Linked by Thom Holwerda on Tue 1st Mar 2011 00:28 UTC
Mac OS X It's sad to see that even after all these years, we still have to write articles like this one. It's all over the web right now: a new backdoor Mac OS X trojan discovered! Code execution! Indicative of rise in Mac malware! Until, of course, you actually take a look at what's going on, and see that not only is it not in the wild, it can't really do anything because it's a beta.
Thread beginning with comment 464541
To view parent comment, click here.
To read all comments associated with this story, please click here.
RE[6]: Maybe I'm crazy...
by Neolander on Wed 2nd Mar 2011 15:41 UTC in reply to "RE[5]: Maybe I'm crazy..."
Member since:

Not sure I worded my post properly, because it seems you didn't understand what I was trying to say. Here's another try...

With Windows NT, Microsoft have introduced some true multi-user mechanism, and the root/user security model based on that. Normally, Windows applications should now use HKEY_CURRENT_USER and the Users/Document&Settings folders to store their data, and nothing else. Sadly, some developers kept their old coding practices from the Win9x era, since "it worked".
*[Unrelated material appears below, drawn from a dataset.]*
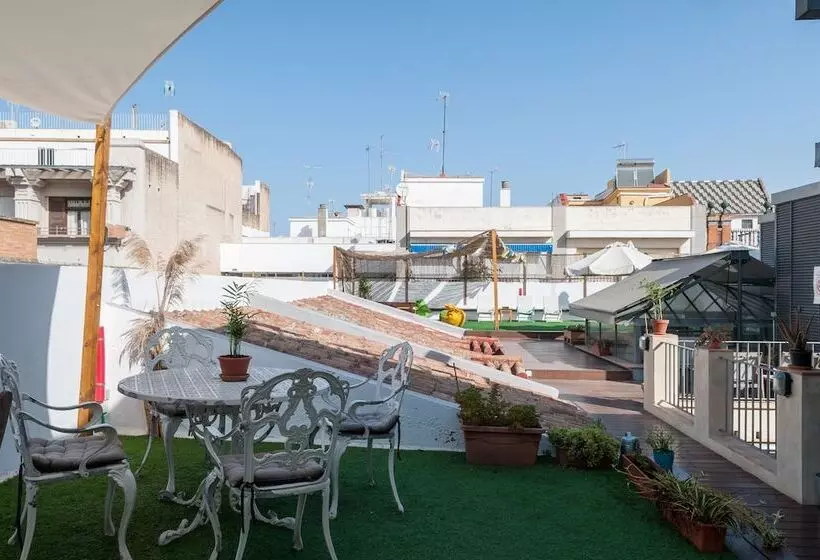 The Nomad Hostel&pension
As a result, Microsoft have forced them to change, by making sure that all applications requiring root access display an annoying UAC popup on startup. Net result : terrible user experience, and users end up ignoring the popups because they are encountered too frequently. But Microsoft didn't really have a choice.

Apple, to the contrary, do have a way to update their security model more cleanly, because they control Xcode, an IDE which AFAIK nearly everyone developing for Apple OSs use.

So they can modify Xcode's default settings so that by default, it sets up highly aggressive sandboxing for all applications. This way, developers won't be able to code the old way (writing config files randomly in the user's home folder, etc...). Developers trying to use old development practices will see that they fail, try to understand why, and discover that it's because of sandboxing. At this point, I bet many will think "hey, great idea, didn't know about that !" and try to learn more. Of course, there will still be others who alter Xcode's settings so that it works the old way, or keep the old release of Xcode. For those, making sandboxing mandatory on the App Store would indeed be a good option.